Psychology says that healing from trauma inflicted by others is the solution. This is immensely important and can be instrumental in helping someone heal. Counseling  has certainly been of great help to me. But secular psychotherapy has no category for the biblical doctrine of sin, which scripture names as the greatest threat to human flourishing. As Dietrich Bonhoeffer wrote:

"The most experienced psychologist or observer of human nature knows infinitely less of the human heart than the simplest Christian who lives beneath the Cross of Jesus. The greatest psychological insight, ability, and experience cannot grasp this one thing: what sin is. Worldly wisdom knows what distress and weakness and failure are, but it does not know the godlessness of man. And so it also does not know that man is destroyed only by his sin and can be healed only by forgiveness. Only the Christian knows this. In the presence of a psychiatrist I can only be a sick man; in the presence of a Christian brother I can dare to be a sinner."

Individualism posits “being yourself” as the solution, as Polonius advises Hamlet: “To thine own self be true.” If nothing else, this mantra exasperates our sense of duality. Much of the time, we’re unsure of who we are or who we want to be. In response, individualism sometimes celebrates the paradox within, blurring the lines between right and wrong. But impropriety leads to insecurity, leaving us with the burning question: To which self should I be true?

The Psalms: Formation not Formula 

Enter the Psalms一the hymnbook of God’s people. The psalms don’t offer simple formulas to solve the paradox of our souls. Instead, they employ the language of formation. They give us permission to be in flux, while simultaneously pointing us to the unchanging stability of our Creator. The Psalms let us rant and weep, sing and scream, laugh and lament一all with an eye to heaven, knowing that our help comes from the Lord (Ps. 121:1). As a trellis prods a vine sunward, so the Psalms turn our souls God-ward. In real life, confusion and confidence often go hand-in-hand, thus the Psalms speak powerfully to the intricate anatomy of our souls.

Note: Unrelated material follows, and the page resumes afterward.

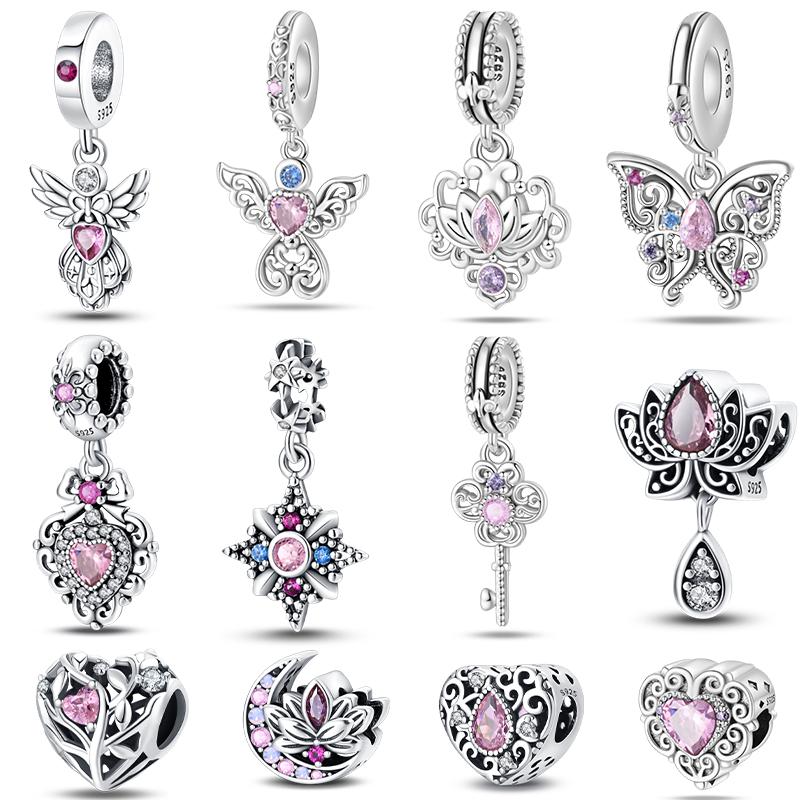 Silver Plated Lotus Heart Zircon Charm Beads for Qikaola 925 Bracelets DIY Jewelry Gifts Guardian Angel Design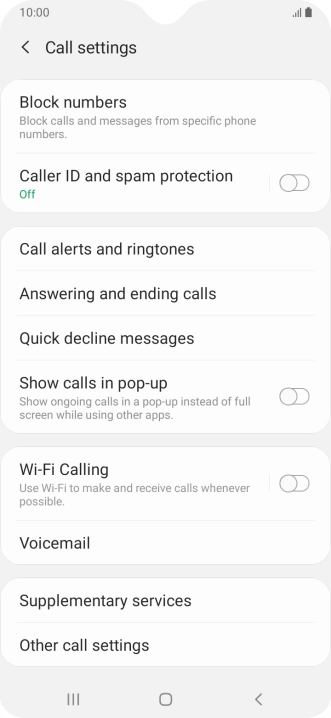 Press Supplementary services. Press Supplementary services.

As you read the Psalms, it’s immediately obvious that God doesn’t want His people to pretend. The God of the Bible wants His people to be brutally honest with themselves and with Him. He’s not interested in platitudes or pseudo-peace. Religious charades might fool others, even ourselves at times, but God sees our souls as they truly are.

Souls of the Saints

In the modern world, we often think of the soul as the immaterial part of you that flies off to heaven when you die. But in biblical theology, your soul (hebrew: nephesh) is your whole person, including your will, mind, emotions, and body. Thus the Psalms speak directly to our souls, expressing the vast breadth of human experience, as Calvin notes:

"I have been wont to call this book not inappropriately, “An Anatomy of all Parts of the Soul;” for there is not an emotion of which any one can be conscious that is not here represented as in a mirror."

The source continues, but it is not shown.